Earlier in September, Accenture Interactive took time out of its spending spree to put a stake in the ground, saying it wants to be the world’s biggest ‘experience agency of record’. This follows last month’s Exterion news, when the agency announced it will sell experiential space in the same way as ATL media. Publishers are getting in on the act, with Hearst UK investing in a 30% expansion of its events team after recognising that consumers want to get involved with brands, rather than being interrupted by advertising.
And, of course, there was a significant move made by this fine magazine itself. When Campaign decided to kick off the mass post-holiday return-to-work with the launch of a dedicated brand experience channel, it was yet another sure sign that experiential had finally been given its rightful seat at the marketing table.
But why the sudden zeal for all things experiential? Why has it taken this long for industry insiders to wake up and smell the coffee by recognising that brand experiences go way beyond low-rent Nescafé sampling campaigns at the local supermarket? Why are people now starting to appreciate the strategic and creative smarts that go into today’s new breed of more effective and grown-up experiential marketing?
The answer is relatively simple: it’s all thanks to the ‘experience economy’.
This is already a buzz term in marketing circles. But, as so often happens with the latest sound bite, its meaning can get lost in a fug of industry hype. So let’s break it down.

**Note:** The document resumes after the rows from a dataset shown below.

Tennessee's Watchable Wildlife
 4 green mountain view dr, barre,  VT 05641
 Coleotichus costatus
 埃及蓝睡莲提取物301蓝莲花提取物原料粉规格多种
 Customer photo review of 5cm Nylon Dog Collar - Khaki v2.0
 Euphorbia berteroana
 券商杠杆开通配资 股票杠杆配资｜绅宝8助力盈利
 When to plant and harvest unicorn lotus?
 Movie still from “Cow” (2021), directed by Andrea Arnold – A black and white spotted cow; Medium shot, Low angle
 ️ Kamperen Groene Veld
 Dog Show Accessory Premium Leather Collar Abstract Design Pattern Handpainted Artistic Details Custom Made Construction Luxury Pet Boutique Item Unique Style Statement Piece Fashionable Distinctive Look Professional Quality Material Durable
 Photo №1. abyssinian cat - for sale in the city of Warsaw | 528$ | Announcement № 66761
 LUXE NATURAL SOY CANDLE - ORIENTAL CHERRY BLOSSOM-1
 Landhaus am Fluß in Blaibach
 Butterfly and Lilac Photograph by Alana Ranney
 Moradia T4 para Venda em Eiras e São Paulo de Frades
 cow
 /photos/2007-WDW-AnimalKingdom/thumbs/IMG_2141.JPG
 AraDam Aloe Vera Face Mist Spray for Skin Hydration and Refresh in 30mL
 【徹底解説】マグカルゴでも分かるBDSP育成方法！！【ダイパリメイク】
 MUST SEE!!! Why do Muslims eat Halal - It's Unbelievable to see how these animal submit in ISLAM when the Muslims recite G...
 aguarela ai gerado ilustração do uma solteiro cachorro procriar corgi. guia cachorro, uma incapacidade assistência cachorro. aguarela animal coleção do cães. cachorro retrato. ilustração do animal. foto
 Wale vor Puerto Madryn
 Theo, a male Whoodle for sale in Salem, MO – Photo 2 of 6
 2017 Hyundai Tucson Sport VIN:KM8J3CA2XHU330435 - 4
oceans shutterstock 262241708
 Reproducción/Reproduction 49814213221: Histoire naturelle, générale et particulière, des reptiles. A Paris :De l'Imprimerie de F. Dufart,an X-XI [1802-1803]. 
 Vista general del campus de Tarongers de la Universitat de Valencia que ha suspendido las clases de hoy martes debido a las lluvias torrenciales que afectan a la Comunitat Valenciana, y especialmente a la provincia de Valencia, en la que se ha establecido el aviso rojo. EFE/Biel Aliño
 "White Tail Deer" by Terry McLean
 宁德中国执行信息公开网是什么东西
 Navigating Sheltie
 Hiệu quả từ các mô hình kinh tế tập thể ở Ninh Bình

The experience economy heralds a new era; one that is driven by the first people to grow up alongside smartphones and social media. This was the generation that realised the bragging rights from experiences gave them more precious social-media currency than the materialistic ownership that defined their parents.
If you need proof, just look at this new research showing how the City millennials of the Square Mile – once a byword for materialism – will put the experience of raising a family before their jobs. And our study Young Blood highlights this explicitly, finding that 44% of 18- to 25-year-olds think happiness equals success.
"The experience economy heralds a new era; one that is driven by the first people to grow up alongside smartphones and social media"
Now that this generation has come of age and is gaining spending power, forward-thinking marketers are realising they need to meet the demand for more physical and tactile experiences. Why else would online retail behemoths like Amazon and eBay – arguably the symbols of the digital economy – contradict their founding ethos by coming out of the internet ether to create bricks-and-mortar stores?
This need for the physical is often keenly felt by intangible digital businesses, those that lack corporeal products, and perhaps explains why these brands turn to agencies such as Amplify for help in creating something concrete. Google, for example, now hosts about 650 events a year in Europe alone. And to put a timely spin on things, this November we are helping Spotify host its 10,000+ grime gig, #WhoWeBe, at London’s Alexandra Palace.
When translated into a marketing context, the experience-economy-powered hunger for something more palpable explains marketers’ resurgent interest in experiential. Brands are beginning to realise they need to consider physical experiences if they want a relationship with tomorrow’s consumers. And agencies are beginning to realise this field of marketing deserves the same TLC once exclusively afforded to ATL.
Put these factors together and you’ll see that experiential is on the brink of its golden age. Bring it on.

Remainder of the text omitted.